Children in Croatia have legal capacity (the capacity to have rights and obligations) and litigation capacity (the capacity to be a plaintiff or a defendant in legal proceedings). Children acquire the capacity to perform legal acts (the capacity to conclude contracts and to produce the legal effects they would normally produce from the age of 18) only if they get married, become parents (from 16 years of age), or enter into employment contracts (from 15 years of age).

Access to special proceedings

The following stakeholders may take part in criminal proceedings in which children are involved:

  • the Ombudsman for Children (pravobranitelj za djecu);
  • specialised police officers in the Ministry of the Interior, who have been trained to work with children who are crime victims or offenders;
  • youth courts and judges in criminal proceedings involving children;
  • public prosecutors for youth within the public prosecutor’s office;
  • specialised lawyers for proceedings involving children, appointed by the president of the court, as necessary, from the list of the Croatian Bar Association (Hrvatska odvjetnička komora) (usually as defence lawyers);
  • social workers, who play a major role in criminal proceedings involving children;
  • special clinics and hospitals for children;
  • numerous specialised NGOs, non-legal expert assistants (at juvenile courts and the public prosecutor’s office), volunteers, etc.

The participation of children and minors (up to the age of 23) in court proceedings in cases when they have committed a criminal offence is regulated by the Juvenile Courts Act (Zakon o sudovima za mladež).

Municipal courts (općinski sudovi) conduct civil proceedings, including those involving children, because no special courts have been set up to adjudicate exclusively disputes involving children and minors.
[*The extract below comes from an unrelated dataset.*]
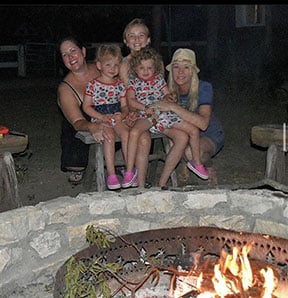 Three moms and 2 young twin girls sit in laps around a campfire.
Municipal courts are competent at first instance for adjudicating cases of maintenance, the existence or non-existence of marriage, annulment of marriage and divorce, establishing or disputing paternity or maternity, as well as child custody and parental care.

Centres for Social Care (Centri za socijalnu skrb) are public bodies which operate to protect and support children and which can influence court decisions. In court proceedings Centres for Social Care may have the legal status of a party or participate as interveners. Since they play a significant role in the protection of children in judicial proceedings, these Centres have various opportunities to advocate for the children’s best interests.
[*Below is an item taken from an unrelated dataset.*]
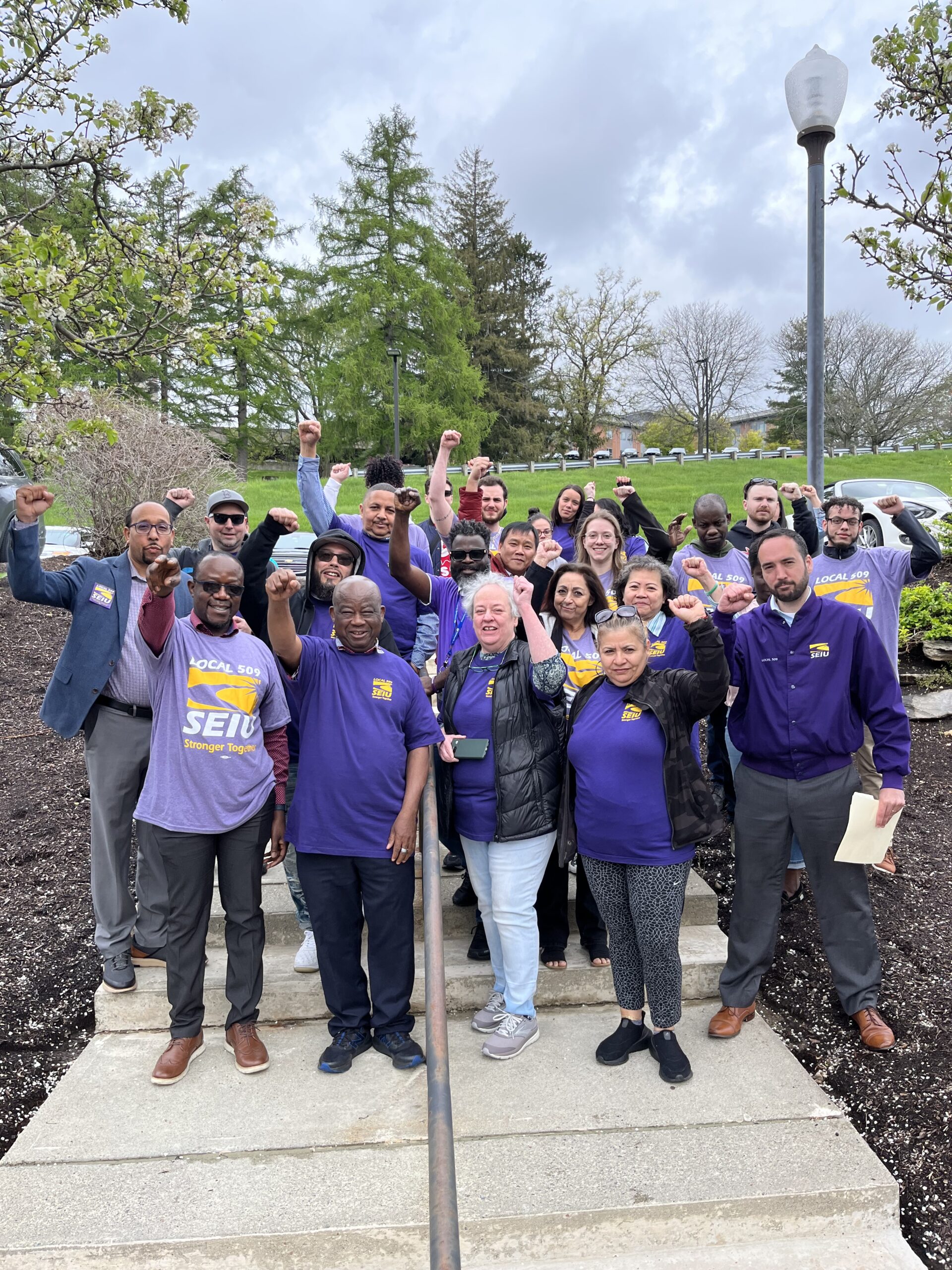 A diverse group of people in purple SEIU shirts stand outdoors, raising their fists in solidarity and smiling at the camera. Trees and cloudy skies are visible in the background.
The Ombudsman for Children is an independent authority accountable solely to Parliament which has the task of protecting, monitoring and promoting the rights and interests of children.

No separate courts or institutions have been set up to deal exclusively with the rights of children and minors in administrative proceedings. The existing administrative courts (upravni sudovi) have general competence to settle all administrative disputes, including those involving children/minors.

All competent authorities that take part in criminal proceedings involving children or minors as defendants or victims need to act urgently to complete their work as soon as possible. According to the Juvenile Courts Act (Zakon o sudovima za mladež), criminal proceedings against juveniles or young adults or in cases of legal protection of children are urgent and must be launched – and the relevant decisions taken – without undue delay. Court proceedings against juvenile offenders, and investigations and procedures by the police and public prosecutors are urgent.

Delays in enforcement of penalties imposed on juveniles must be kept to a minimum, and it is for the court to commence such proceedings without undue delay after a court decision has become final and where there are no legal impediments to its enforcement.

Proceedings in which the personal rights of a child are to be decided are urgent, and the first hearing should be held within fifteen days from the date of initiation of the proceedings. Decisions in proceedings on interim measures, parental custody and a personal relationship with a child, and decisions on the return of a child, are to be rendered and delivered within thirty days from the date of initiation of the proceedings. A second-instance court is to render and deliver a decision within thirty days from the date of receipt of the appeal.

In accordance with the Code of Criminal Procedure (Zakon o kaznenom postupku), when the victim is a child or minor, they have the right to be heard, to testify and to participate in criminal proceedings. Moreover, children or minors are entitled to be informed of the relevant facts, to submit evidence in relation to the criminal offence and the criminal proceedings, and to appeal. They are entitled to put questions to suspects, witnesses and expert witnesses during court sessions and to submit their comments and explanations regarding such testimony.

In practice, the specialists involved in child protection proceedings assess the child’s best interests and can propose a child protection measure to the court. The assessment of the child’s best interests is based on the principles and working methods of social workers, psychologists, teachers and others.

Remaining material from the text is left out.